Reproduce, unchanged, the lines between the one holding "TBC project photo" and the last line of the records, including both ends, but no pictures.
★ ★ ★
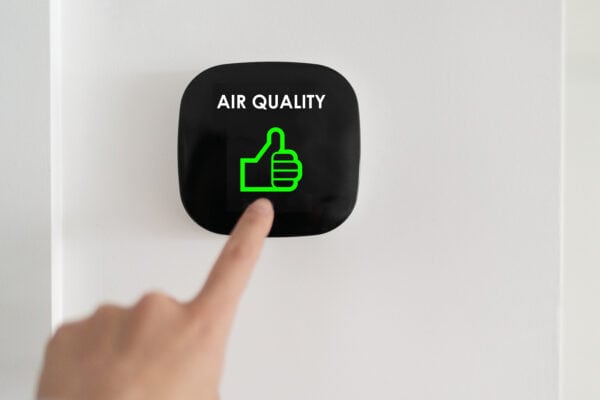 A person points their finger to a device on their wall that shows a green thumbs up and text reading "Air Quality"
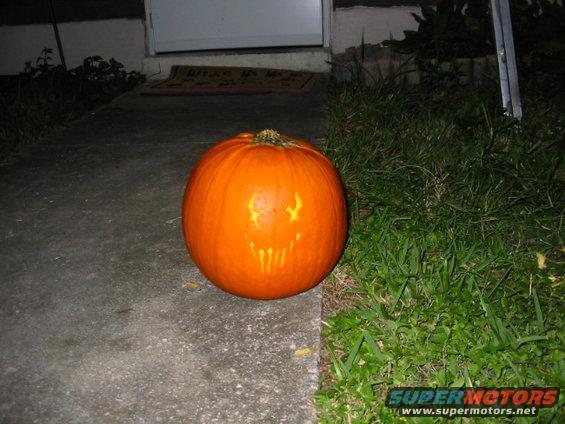 Carved pumpkin with a face on a concrete path next to grass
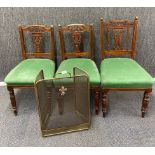 Three carved Edwardian hall chairs together with a brass fireguard.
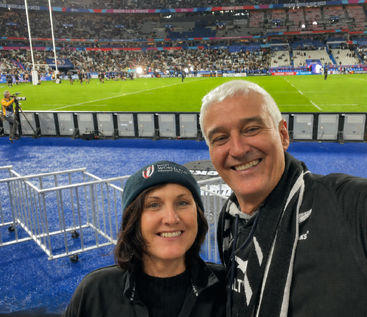 A smiling couple poses for a selfie at a rugby stadium during the Rugby World Cup 2023 in France, with a lively crowd in the background.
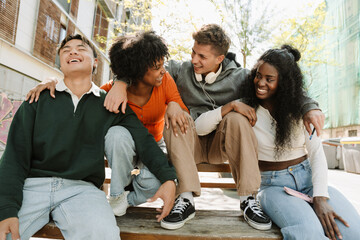 A group of four students laugh and lean on each other while sitting on a table and bench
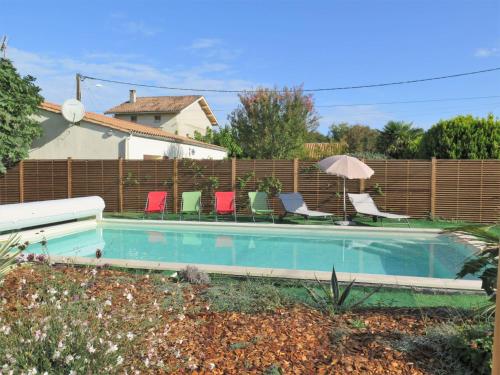 a swimming pool with chairs and a fence at Holiday Home Mon Poussin - SVV120 by Interhome in Saint-Vivien-de-Médoc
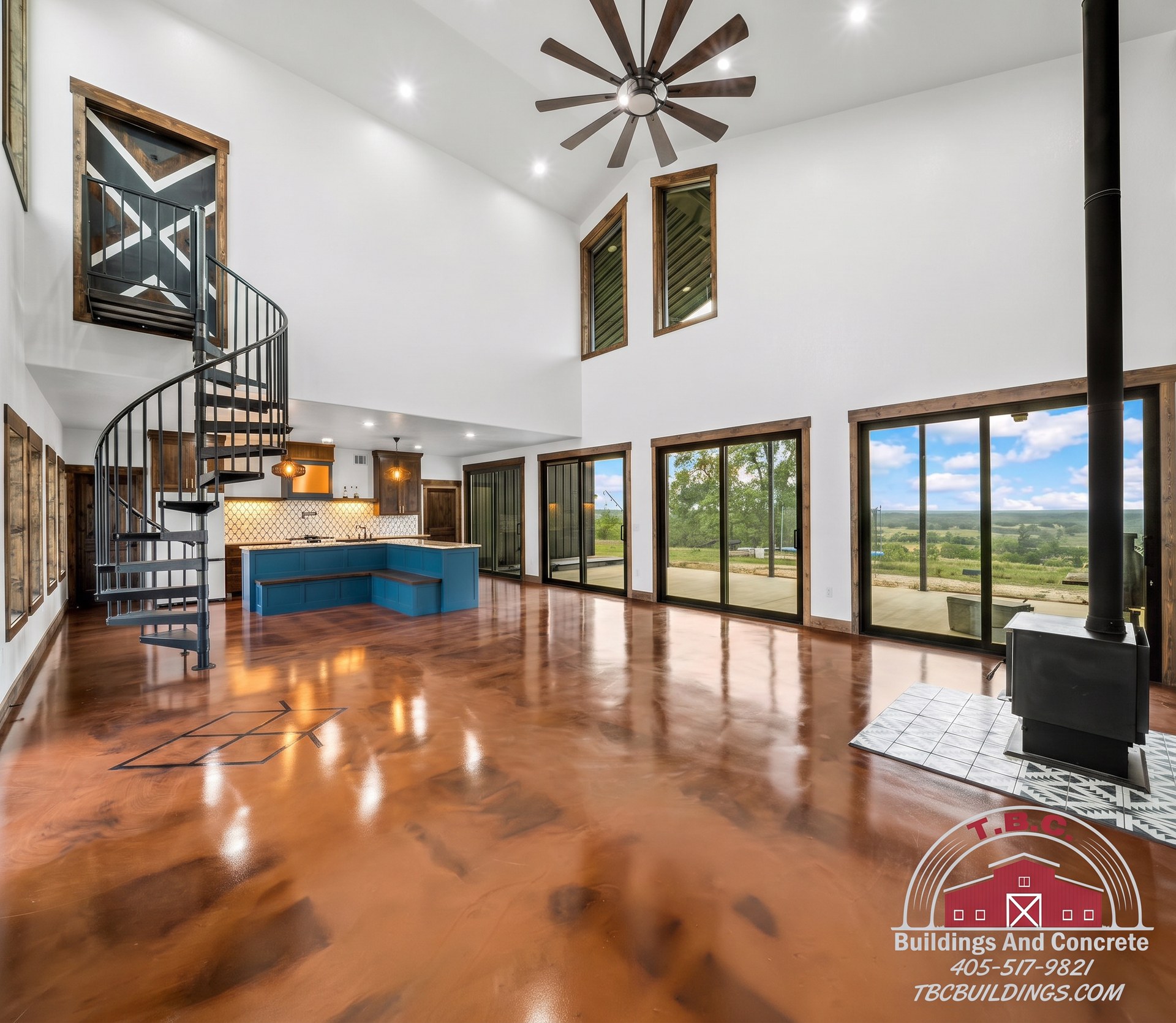 TBC project photo of a finished open great room with blue kitchen island and polished floor.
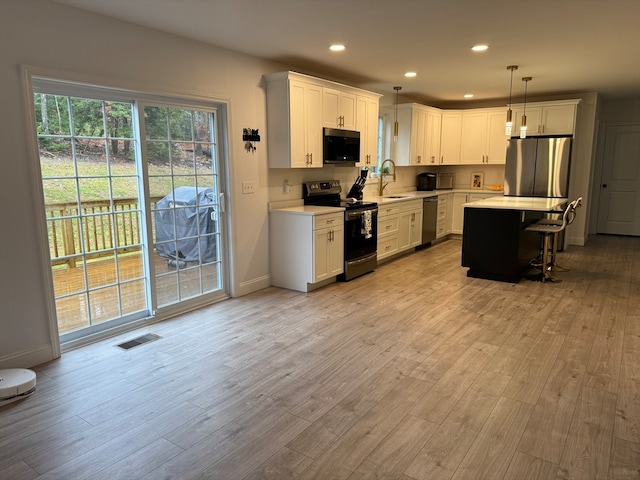 kitchen with pendant lighting, sink, appliances with stainless steel finishes, a kitchen island, and white cabinetry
★ ★ ★
◆ Task solution:
 TBC project photo of a finished open great room with blue kitchen island and polished floor.
 kitchen with pendant lighting, sink, appliances with stainless steel finishes, a kitchen island, and white cabinetry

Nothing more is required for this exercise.